Migrate Tables: From External to Managed Tables
Managed tables offer numerous benefits, including predictive optimization and performance improvements, which we discussed in our previous blog.
When starting a FinOps project to cut costs, migrating tables is often the first priority, but maintaining business continuity is equally critical. So how do you migrate tables while keeping the same name in Unity Catalog (for example, keeping catalog.my_schema.my_table
as catalog.my_schema.my_table
)?
Luckily, thanks to runtime 17.0 (although some of the functionality has been there more recently, since 17.2), there’s a solution:
ALTER TABLE … SET MANAGED
Let's Test It Out
Here's how it works in practice.

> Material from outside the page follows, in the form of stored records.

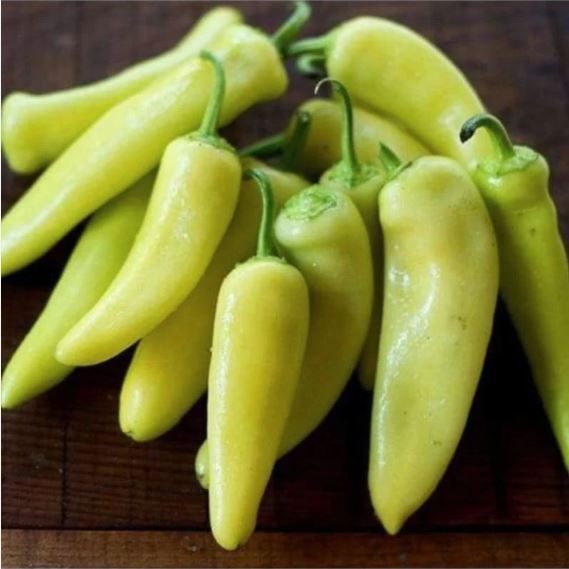 Pipari Ungāru Yellow Wax Hot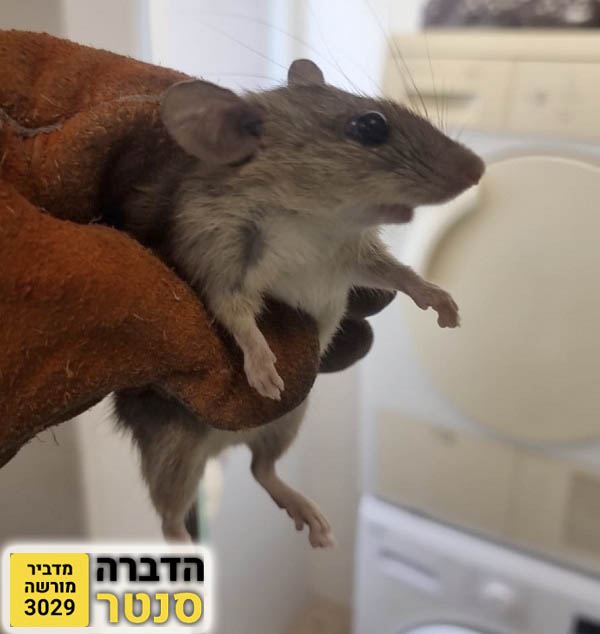 לכידת חולדה בתל אביב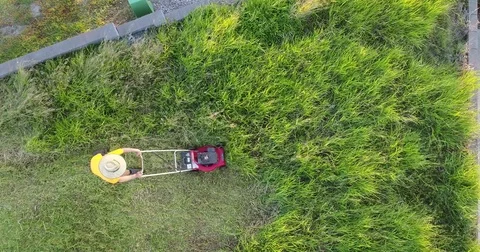 Drone birdseye view of man mowing long grass by hand Stock Footage 75956733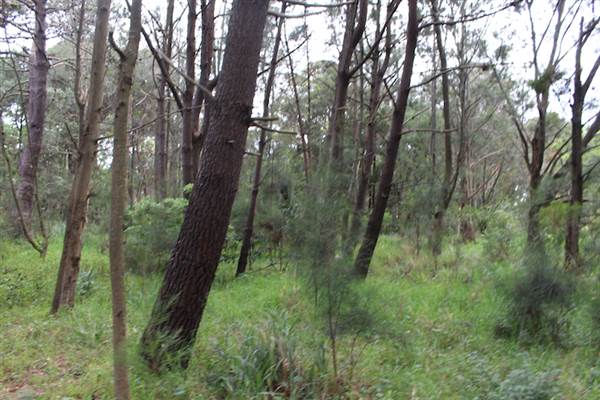Centennial Park - Ash Paddock (24/10/2014)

First, we'll create an external table and populate it with a few rows of sample data:
CREATE OR REPLACE TABLE hub.default.migrate_me ( order_id BIGINT, total_amt DECIMAL(12,2) ) LOCATION "abfss://unity@westus2uc.dfs.core.windows.net/migrate_me"; INSERT INTO hub.default.migrate_me (order_id, customer_id, order_ts, total_amt) VALUES (1001, 250.00), (1002, 125.50;
Next, we run the migration command:
ALTER TABLE hub.default.migrate_me SET MANAGED;
What Happens During Migration
The migration process takes some time. Even for our small table, it executes approximately 50 Spark jobs! This complexity exists because Databricks builds in rollback capabilities to ensure data safety.
After migration completes, you'll notice that:
Files remain at the original external location
The table metadata now points to the schema (or catalog) managed location
But if we run the DESCRIBE command or look in Unity Catalog, we can see that files have been moved to the schema (or catalog) managed location by running:
DESCRIBE EXTENDED hub.default.migrate_me;
Important: Since external tables may be used by external processes, Databricks doesn't automatically delete the original files. You must manually clean up the external location after migration, otherwise, you'll continue paying for duplicate storage.
UNIFORM
If you're using Delta Universal Format (UniForm), use this syntax:
SET MANAGED TRUNCATE UNIFORM HISTORY
Potential Issues and Solutions
Be aware of these common challenges:
Streaming consumers: If your table is consumed as a stream, you'll need to restart the stream after migration
Delta Shares: Any existing Delta Shares must be recreated
Concurrent migrations: Never execute two
SET MANAGED
commands simultaneously on the same table as this can leave the table in an inconsistent state
Always validate your data after migration!
Rollback Option
If something goes wrong, you can rollback within 14 days:
ALTER TABLE catalog.schema.my_managed_table UNSET MANAGED
Note: The 14-day rollback window assumes default retention. If you've configured VACUUM with a shorter retention period (e.g., 2 days), your rollback window shrinks accordingly. After VACUUM runs, you'll have gaps in the Delta log that prevent automatic rollback.
Conclusion
Migrating external tables to managed tables in Databricks is now straightforward with the SET MANAGED
command. Just remember to plan for cleanup, validate your data, and be mindful of dependent processes like streams and shares.